Do you all remember my nice post about Lent that went up on Friday? How I waxed on about Lenten obligations and my memories of being a kid during the time of no-meat Fridays?
I had written that on Thursday so it would post at 12:01 on Friday morning… and then I went to bed because my sister Laura and brother-in-law Jeff were coming for lunch the next day. My nephew Thomas is an excellent basketball player (just ask me) and he had a tournament nearby this past weekend, which means I got to hang out with his lovely parents.
It was a rainy, crummy day here in Iowa on Thursday, which means I was feeling pretty crummy myself and sleep alluded me the majority of the night. So when I finally rolled out of bed on Friday morning at 11:15, and Laura called at 11:30 to see what sounded good for lunch because they were in town, I wasn’t exactly bright-eyed, bushy-tailed and thinking things through. She said they were right by a Kentucky Fried Chicken and I said, “That sounds perfect! I haven’t had that in ages and I love mashed potatoes. Let’s do that!”
[Does anyone see where I’m going with this yet?]

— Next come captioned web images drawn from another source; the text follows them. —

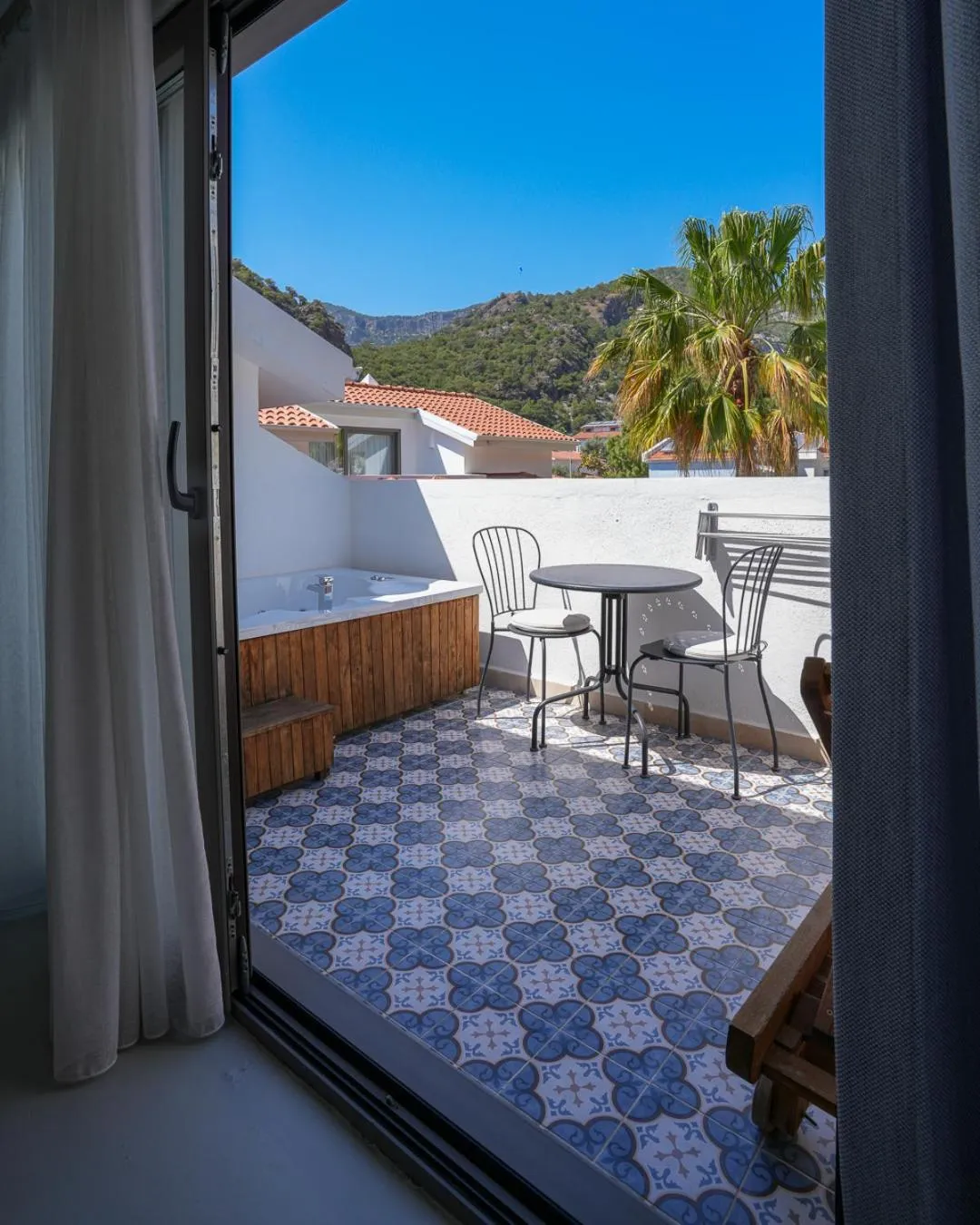 Hot Tub in Kassandra Oludeniz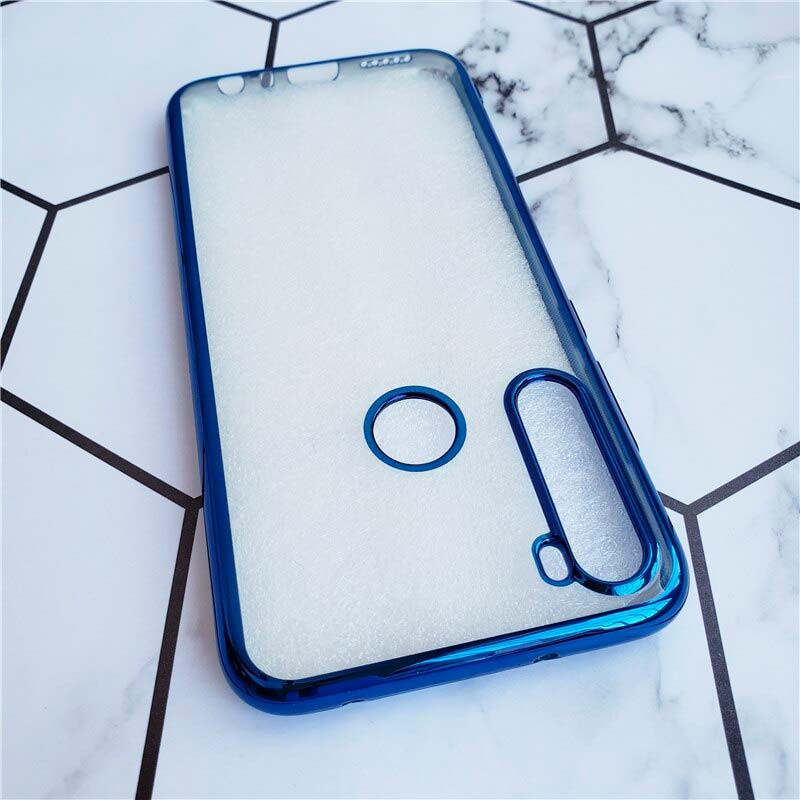 Capa de silicone com borda metálica de Cool para Xiaomi Redmi Note 8T - Item3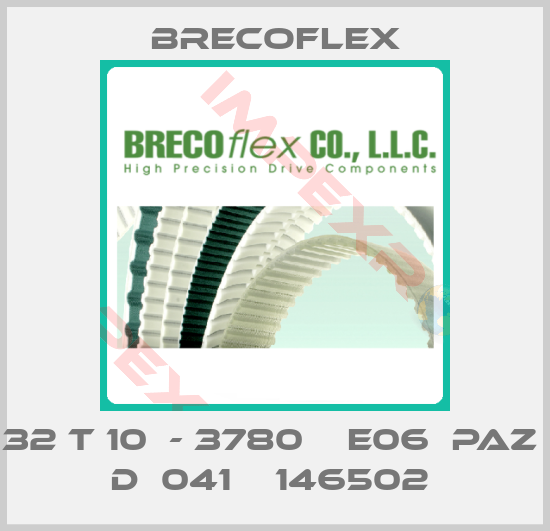 Brecoflex-32 T 10  - 3780    E06  PAZ  D  041    146502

I hung up and finished putting on my mascara before sitting down to the computer to check on the blog. You know, the one that posted on Friday morning where I told you about my fish/chicken confusion? The one where I’m a smart-alec and tell you all at the end: “And remember, it’s Friday: NO CHICKEN.”
Yeah… that one.
I died laughing as I realized that I just told my sister chicken sounded great for lunch on a Lenten Friday, and called my mom to tell her that I’m an idiot (as if giving birth to me and knowing me for 35 years wasn’t enough for her to know that already). Here’s how our conversation went:
Mom: “You know, when the Hispanic hired hands on the farm learned we only ate fish on Fridays they told your dad that in Mexico chicken isn’t considered meat and is ok during Lent. They said it’s different because chickens come from eggs.”
Me: “Umm… Mom? Unless something changed from my 5th grade sex education class until now, we all originate from eggs.”
And that right there, people, is proof that I get it from my mother.